- **Information shown**
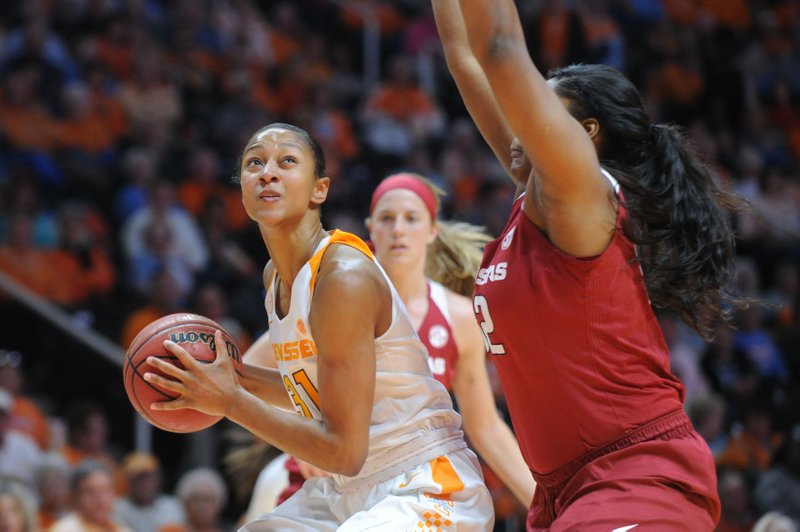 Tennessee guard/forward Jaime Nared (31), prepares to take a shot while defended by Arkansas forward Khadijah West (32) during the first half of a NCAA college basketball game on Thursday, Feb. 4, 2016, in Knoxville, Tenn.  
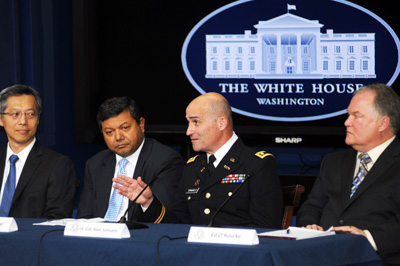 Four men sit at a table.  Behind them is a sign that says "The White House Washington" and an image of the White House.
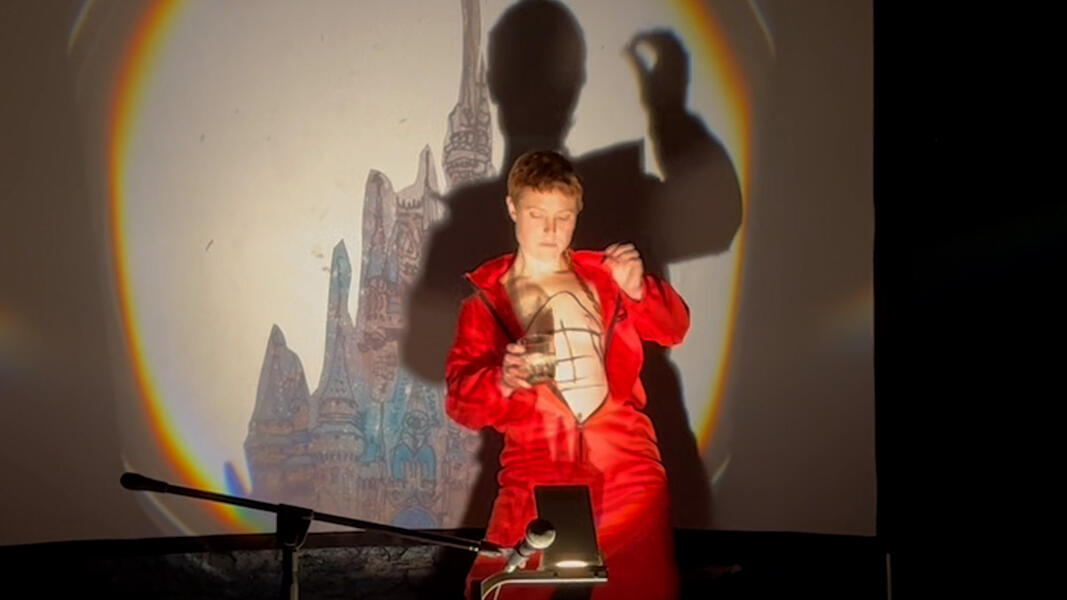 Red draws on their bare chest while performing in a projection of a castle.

- **Required work**
When you copy the data, keep every line exact and drop the pictures.

- **Output for this task**
 Tennessee guard/forward Jaime Nared (31), prepares to take a shot while defended by Arkansas forward Khadijah West (32) during the first half of a NCAA college basketball game on Thursday, Feb. 4, 2016, in Knoxville, Tenn.  
 Four men sit at a table.  Behind them is a sign that says "The White House Washington" and an image of the White House.
 Red draws on their bare chest while performing in a projection of a castle.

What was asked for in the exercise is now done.